Vos projets Monsieur Rebrab dérangent au plus haut degré les industriels, les politiques et anciens hauts gradés de l’armée de l’ère coloniale Française, qui tiennent le régime illégitime Algérien par les c…… et qui le manipulent comme des marionnettes depuis 1962, conformément à leurs agendas politiques et économiques. Vous faites également peur à Bruxelles qui nous bloque aussi de manière sournoise.

Le louvoiement de Renault, qui ne construira rien en Algérie, est dirigé contre vous, pour vous bloquer. Et en vous bloquant, ils bloquent l’Algérie et l’avenir des générations futures, ils bloquent le passage de l’Algérie à l’après-pétrole, dont le peak oil sera atteint et décroîtra très rapidement dans moins de 20 ans. Et si on ne fait rien d’ici là, le peuple Algérien sera dans l’au-delà. Tout le monde pourra imaginer les catastrophes sociales, politiques, qui pourront amener la guerre civile. Si c’est ça que nous veulent nos ennemis, y compris le régime illégitime criminel Algérien, qui a un fleuve de sang sur les mains, alors nous leur diront, que tous vos plans criminels échoueront. Le peuple se remettra de ses blessures et vous le fera payer très cher. Et tous les Rebrabs Algériens qui sont bloqués réaliseront leurs projets, que cela vous plaise ou non.
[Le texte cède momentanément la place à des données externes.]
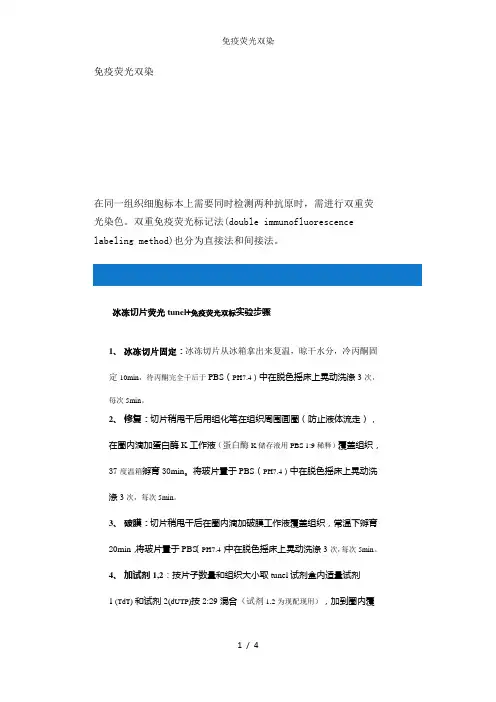 免疫荧光双染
Les Pays Bas sont les plus exposés aux catastrophes maritimes (Tsunami….). Une partie très importante de ce beau pays a failli disparaître sous les eaux. Les Néerlandais ont réalisé des ouvrages ingénieux et extraordinaires, depuis plusieurs décennies, qui ont permis la protection et la sécurisation totale des terres et des ports. Ils ont atteint un très très niveau technologique dans ce domaine, unique au monde.

Il suffit de voir le port de Rotterdam, notamment, pour se rendre à l’évidence.

Je suggère donc à Monsieur Rebrab de faire appel aux Néerlandais, pour une expertise, une coopération et une gestion éventuelles des ouvrages maritimes du future grand port de Bédjaïa, pour clouer le bec définitivement, à tous les ennemis du régime illégitime Algérien et ceux de l’autre côté de la Méditerranée, qui sont aussi nos ennemis.

Vos projets sont vitaux pour l’Algérie d’aujourd’hui et de demain et les générations futures. Grâce à vous les exportations hors hydrocarbures atteindront plus de 35 milliards de dollars. Des centaines de milliers d’emplois directs et indirectes seront créés.

Pour conclure, je vous dit sincèrement Monsieur Rebrab, bonne chance, on est de tout cœur avec vous.